Последствия дистанции
По окончанию программы мы в группе и с другими участни_цами проекта долго обсуждали полученный опыт. У каждого/каждой из нас были разные ожидания, но некоторые пункты обсуждения были симметричны.
Краткосрочный формат программы делает невозможным выстраивание доверительных отношений с сообществом (если уж мы возвращаем к партисипативности, как основной заявленной теме), а позволяет только наметить их. Обозначенные условия приводят к важной структурной ошибке, в которой невольно начинаешь двигаться в проверенной системе координат: совместное приготовление еды, мастер-классы с детьми, экскурсии и т.д. Эти стратегии выглядят хорошо для документации и короткого новостного ролика на местном телевидении, но разве это конечная цель? Ответ — нет. Такими действиями скорее формируется образ художника как «необычного развлекателя», к которому интересно обратиться за получением нового (конечно же позитивного) опыта.

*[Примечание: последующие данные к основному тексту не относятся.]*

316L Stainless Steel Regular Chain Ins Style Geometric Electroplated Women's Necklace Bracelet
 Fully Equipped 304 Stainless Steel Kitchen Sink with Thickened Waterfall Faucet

В работе с определенным местом также формируется ряд нюансов. При максимальной концентрации внимания сталкиваешься с проблемой «проживания» место, вследствие чего попадаешь в состояние абсолютного очарования . В голове формируется идеальный образ того, что видишь и — что более важно = каким хочешь его видеть ты. В условия постоянной гонки за временем, проект становится интересной интеллектуальной задачей, которую ты усиленно решаешь, подводя предмет к придуманной гипотезе и работаешь на результат.
По памяти и на ощупь
Для себя я поняла, что отстраненность является наиболее верной стратегией, которая уберегает от желания «причинять добро» и позволяет исходить скорее из мысли «не-вредительства». В какой-то момент я поймала себя на мысли, что сама в каком-то смысле примеряю роль историка, выделяющего определенный сюжет, проблему и наделяя его значимостью. И эта значимость продиктована скорее выражением своей внутренней потребности говорить, указывать на сбой и разлом. И здесь первостепенно важно начать с внутреннего вопроса, почему это место/событие важно для тебя и с определение собственной означение. А оно таково, что ты лишь приехавший посторонний, который таковым и останется. Ты чужак, от которого ждут развлечения, сиюминутной встречи, потому что это очевидное и такое же ситуативное. Но такое несовпадение ожиданий и «означения» не лишает права говорить и действовать. Конкретно в случае Второго еврейского кладбища меня тревожит стремление общества к амнезие и опусканию неудобных событии и фактов. Концентрация на «тут-и-сейчас» соблазнительна, но рано или поздно появится новый осколок прошлого, от которого разрастется паутина историй, которые уже невозможно будет не замечать. Я не историк (хотя парадоксально являюсь им по образованию). Мое отношения с будущим так же неопределенны и я не верю в счастливое завтра. Но, остановившись и оглядываясь назад, понимаю важность попыток искать встречи с прошлым, не бояться его, а скорее попытаться понять его, себя в месте, собирать осколки и не забывать, крепко держась вместе.